Dog Days Chase Bulls in August
Tom Lee, the co-founder of Fundstrat Global Advisors, has been one of the more reliable and reassuring voices of optimism during the current bull market, rarely if ever finding a proverbial wall of worry that was too high to be climbed.
So naturally it caught our attention to hear that the strategist was nervous about what may happen in the stock market during August, a month that has tested the resolve of bulls almost like clockwork over the past few years. Don't worry, Lee fans, he hasn't turned into a bear yet: He's still expecting an 8 percent to 10 percent rise in the S&P 500 in the second half of the year.
However, no one who is long the market should expect to get through next month without having to reach for the Tums.
Really, anyone who has been paying attention for the last few years will have most likely already stockpiled plenty of Tums in anticipation of the volatility we've come to expect.

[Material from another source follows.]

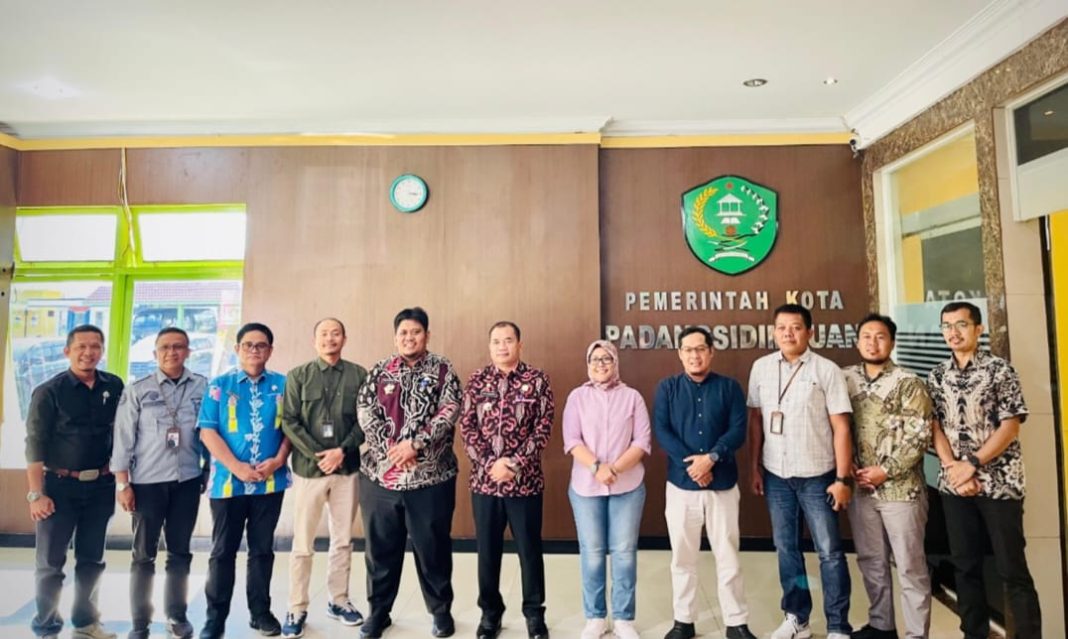 Pj Walikota Padangsidimpuan H. Timur Tumanggor (enam dari kiri) berfoto bersama Manager PLN UP3 Padangsidimpuan Yessi Indra saat audiensi di kantor Walikota, Senin (8/7/2024). (Dok/PLN)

As quant guru Andrew Lo put it last year (using the technical jargon): "August sucks."
Of course, once a trend is established long enough in the stock market to make investors start expecting it, that's approximately the time when they should begin to not expect it anymore. And the two ugliest Augusts shown above were the result of easily indentifiable catalysts --China's surprise currency devaluation last year, and the downgrade of the U.S. credit rating in 2011 -- rather than solely the effect of thin trading during a popular month for vacations, or some sort of other hard-to-identify seasonal voodoo.
Still, don't empty that Tums stockpile just yet. Besides the general bad track record for August, Lee adds two other observations that may make the coming month a source of heartburn once again. First, he looked at the VXTLT -- an index of bond-market volatility -- and noticed it was one standard deviation higher than the VIX measure of stock-market volatility. Above-average bond volatility is a warning that there's a greater risk of a correction in that market, Lee pointed out. Stocks fell 68 percent of the time in the next month and averaged a decline of 1.3 percent when the bond market's volatility has been this much higher than the stock market's, according to Lee.
The other thing he examined was how the market performed the previous 13 times when the S&P 500 broke out to a record after a year or so of range-bound trading. While such a breakout is usually a bullish sign of more gains to come in the next year -- May 2007 was the only "head fake" of the 13 instances -- Lee notes that the following month was, on average, a flat one. So the fact that the S&P 500 has continued to set records suggests some proverbial "profit taking" may be ahead.
Or maybe, you know, it's just simply that August sucks.